Le miracle de la révolte actuelle
Aujourd’hui, cette noblesse de robe se lève enfin et remet un peu d’ordre dans sa toilette. Miracle ! Que n’a-t-on entendu ces hommes de robe protester quand le pouvoir exonérait ses princes de peine alors que pour des péchés véniels, ils réclamaient contre les misérables des peines de prison. Et quel silence lorsque le pouvoir a multiplié les juridictions spécialisées : antiterrorisme, JIRS bafouant les droits les plus élémentaires de la défense. La France a mis sur pied une mesure tout à fait particulière : le témoignage sous X qui permet à n’importe qui de dire n’importe quoi et d’envoyer son ennemi en prison sans jamais courir les risques qui donnent à la citoyenneté sa grandeur. Le procureur est ici seul juge de la validité de ce qu’il faut bien appeler une délation protégée. Et pas une protestation parmi les magistrats instructeurs qui se sont fait un plaisir d’utiliser cette infamie afin de mettre au tapis ceux qu’ils n’arrivaient pas à coincer en toute justice.
Une justice injuste pour une société injuste
Les magistrats n’ont pas les moyens de leur métier. Certes. Mais encore faudrait-il qu’ils définissent précisément leur fonction dans la société. La justice peut-elle être socialement impartiale ? J’en doute. Pour l’heure, le travail essentiel de la justice consiste à réprimer les délits commis par les misérables (et il faut le faire) et à absoudre les puissants pris la main dans le sac. La crise sociale produit de la misère et agrandit la fracture sociale. 40 % de chômage parmi les jeunes des cités et 5 % dans les beaux quartiers de Paris n’est pas exactement le creuset d’une régression de la délinquance. La répression est nécessaire mais à la condition qu’elle s’appuie sur un sentiment d’égalité de traitement. Et ce raisonnement tient pour les CRS qui ont réussi à faire plier Brice Hortefeux. Si ces casqués sauvent des vies et protègent les braves gens, alors nous n’en manquons pas. S’il s’agit d’aller briser des grèves et matraquer des malheureux dès que l’ordre des puissants est menacé, alors leur révolte ne me concerne pas. Nous n’allons tout de même pas passer notre temps à manifester pour demander plus de prisons, plus de CRS et plus de répression. Ce serait un comble.

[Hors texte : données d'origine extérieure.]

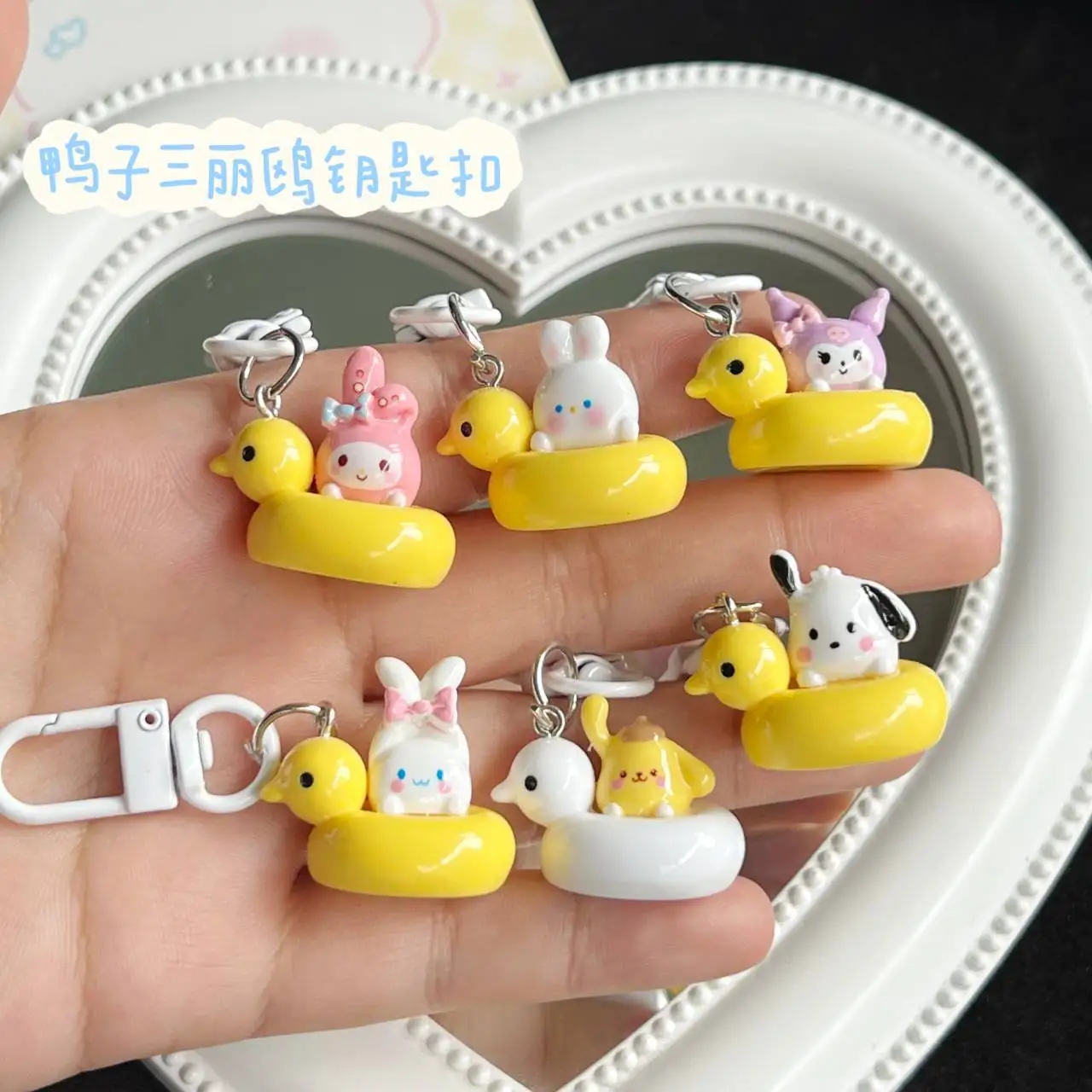 Sanrio Series Keychain Cute Duckling Hello Kitty Original School Bag Pendant Girl Cartoon Keychain Best Friend Gift Accessory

Des magistrats qui ne sont pas au-dessus des lois
Les magistrats doivent pouvoir travailler dans de bonnes conditions. C’est leur intérêt et celui de la société. Mais ils ne sont pas pour autant au-dessus des lois. Ils ont donc eu tort de se taire après la promotion du juge Burgaud, coresponsable du désastre d’Outreau. Ils ont tort quand ils ne désignent pas comme coresponsable le procureur en charge de cette affaire alors que tant de pauvres gens ont eu leur vie brisée à cause d’erreurs de magistrats. La justice est dépendante de la société dans laquelle et pour laquelle les magistrats travaillent. Ils en sont également responsables en tant que citoyens. Ou alors ils ne sont que des rouages et les rouages restent silencieux.